● **Data under study**
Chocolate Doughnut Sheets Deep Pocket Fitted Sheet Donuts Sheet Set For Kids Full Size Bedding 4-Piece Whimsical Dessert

---

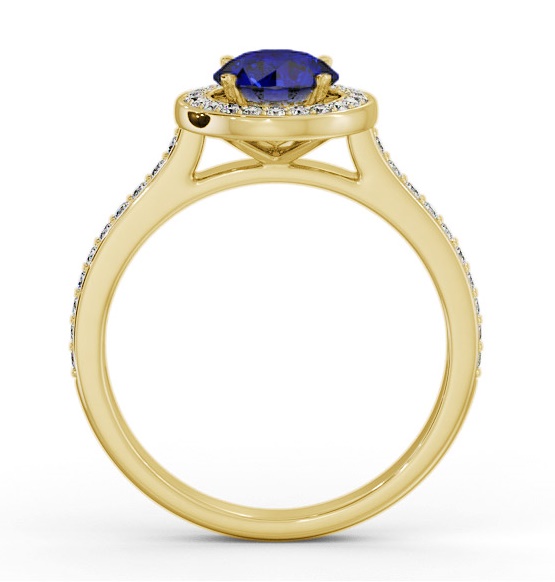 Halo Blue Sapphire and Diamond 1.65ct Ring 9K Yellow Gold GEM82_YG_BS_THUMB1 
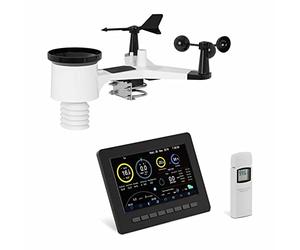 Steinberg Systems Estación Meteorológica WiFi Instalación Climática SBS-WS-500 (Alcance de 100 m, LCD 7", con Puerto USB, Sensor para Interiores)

* * *

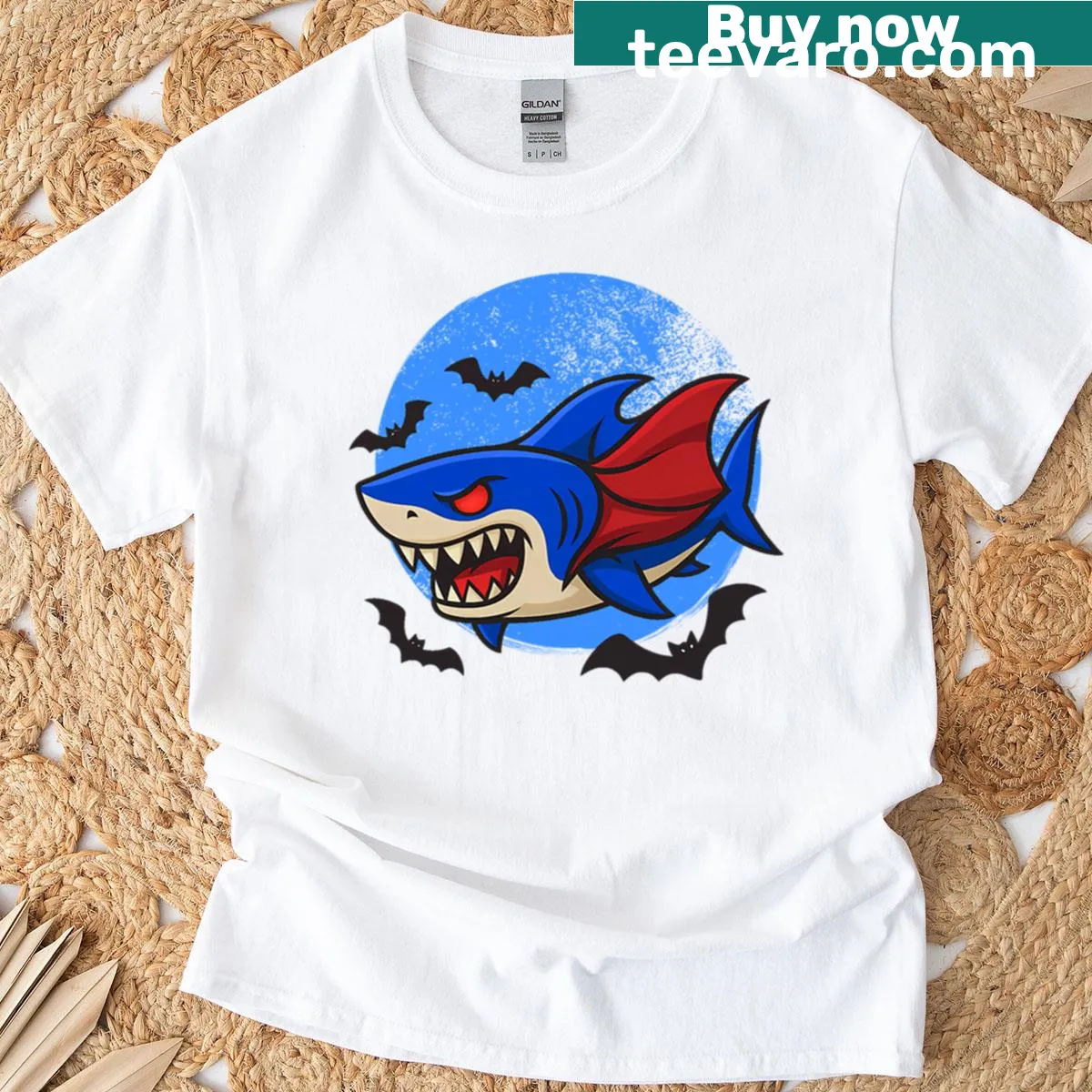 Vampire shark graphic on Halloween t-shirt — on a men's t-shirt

● **Task prompt**
Return exactly the stretch above whose first line contains "Halo Blue Sapphire" and whose last line contains "Steinberg Systems Estación", and nothing outside it. The pictures should not appear.

● **Solved exercise**
 Halo Blue Sapphire and Diamond 1.65ct Ring 9K Yellow Gold GEM82_YG_BS_THUMB1 
 Steinberg Systems Estación Meteorológica WiFi Instalación Climática SBS-WS-500 (Alcance de 100 m, LCD 7", con Puerto USB, Sensor para Interiores)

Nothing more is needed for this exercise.